En janvier 1988, je décide de quitter mon poste de chef de projet à Gennevilliers suite au changement de maire, le travail avec un communiste aux méthodes staliniennes n’est pas supportable. Le climat à la mairie devient difficile pour moi comme pour quelques autres. Certains rentrerons dans l’ordre tel que le docteur Tyrode, médecin chef du Centre de santé municipal avec lequel j’avais des rapports professionnels et amicaux. De plus le Plan Câble est à l’agonie abandonné par le PS et l’essentiel est fait en matière d’informatique municipale et de télématique. Après une période de foisonnement, on entre dans une période de gestion médiocre avec un modèle que je n’apprécie pas.

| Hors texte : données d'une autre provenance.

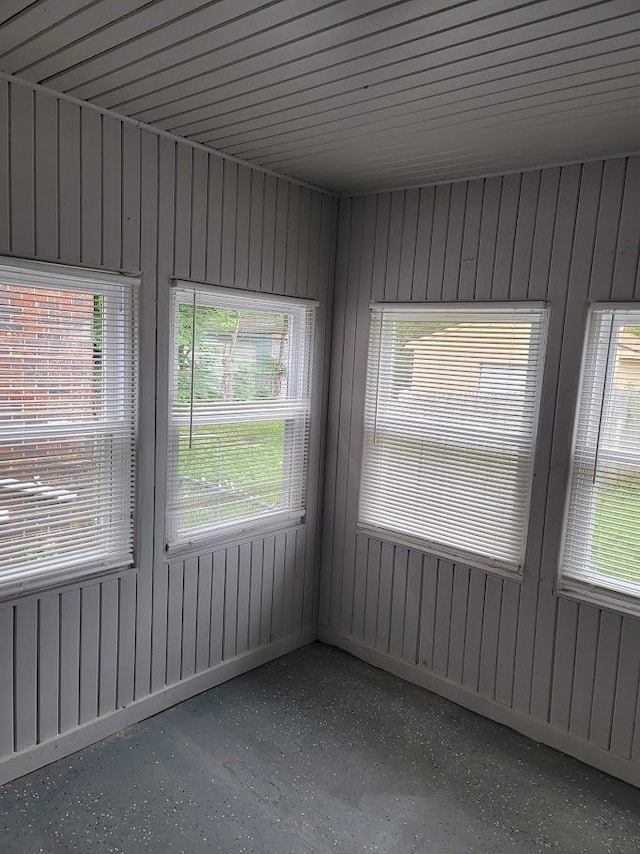 18639 Appoline St, Detroit, MI 48235 - view of unfurnished sunroom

Il est temps de céder la place. Exclu du Parti Communiste pour avoir soutenu la candidature de Pierre Juquin et sans le soutien du maire Lucien Lanternier, je n’ai pas d’avenir à Gennevilliers. En recherche d’une alternative qui me dispense de revenir aux PTT, Je participe à la création de deux sociétés, Vitcom une SA avec Gilles Vigoureux ancien chef de cabinet dans la même barque que moi et Axone VTI une Sarl avec Alain Cornuet le directeur du centre X2000. Après quelques temps, Gilles prendra en main Vitcom et Alain Cornuet deviendra gérant de Axone. Ni l’un ni l’autre ne m’offrent de perspectives intéressantes, c’est un peu sauve-qui-peut, même si nous conservons de bons rapports..

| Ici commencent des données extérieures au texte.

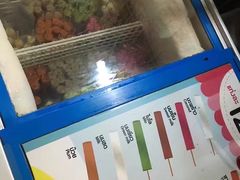 -席娜卡琳火车铁道夜市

Ayant quitté la mairie, dans un premier temps, je rejoins la société Courtoisie dont le fondateur est Roger Courtois, futur PDG de Wanadoo qui deviendra Orange. Il m’apprécie beaucoup depuis notre complicité dans le réseau X2000, le travail fait à Gennevilliers et mon déplacement à la Guadeloupe avec l’installation du premier serveur Minitel au port de Pointe à Pitre. Il connaît aussi mes relations avec François du Castel qui a été son mentor pour le lancement de Courtoisie. Ma présence dans sa société et mon esprit d’innovation donneront à Roger Courtois l’occasion de créer la première carte multi-modem qu’il appellera par reconnaissance la carte 4 MARC (4 Modem A Réseau Commuté) dont 10 000 exemplaires seront vendus à la compagnie Bull. Cette carte permettait de créer un serveur Minitel à quatre accès simultanés sur PC sans avoir à empiler quatre boitiers modem, c’était un réel progrès et un gain de place important.
A la mi juillet 88 Laurence et moi décidons de nous lancer dans l’aventure d’une l’entreprise individuelle sur nos propres forces. Nous avons plein d’idées innovantes à exploiter. Nous avons le soutien possible de Roger Courtois pour une mise de fond au capital et nous avons un lieu pour notre siège, notre maison achetée en 1986 à Laroque dans l’Hérault. Une nouvelle aventure de vie nous attend.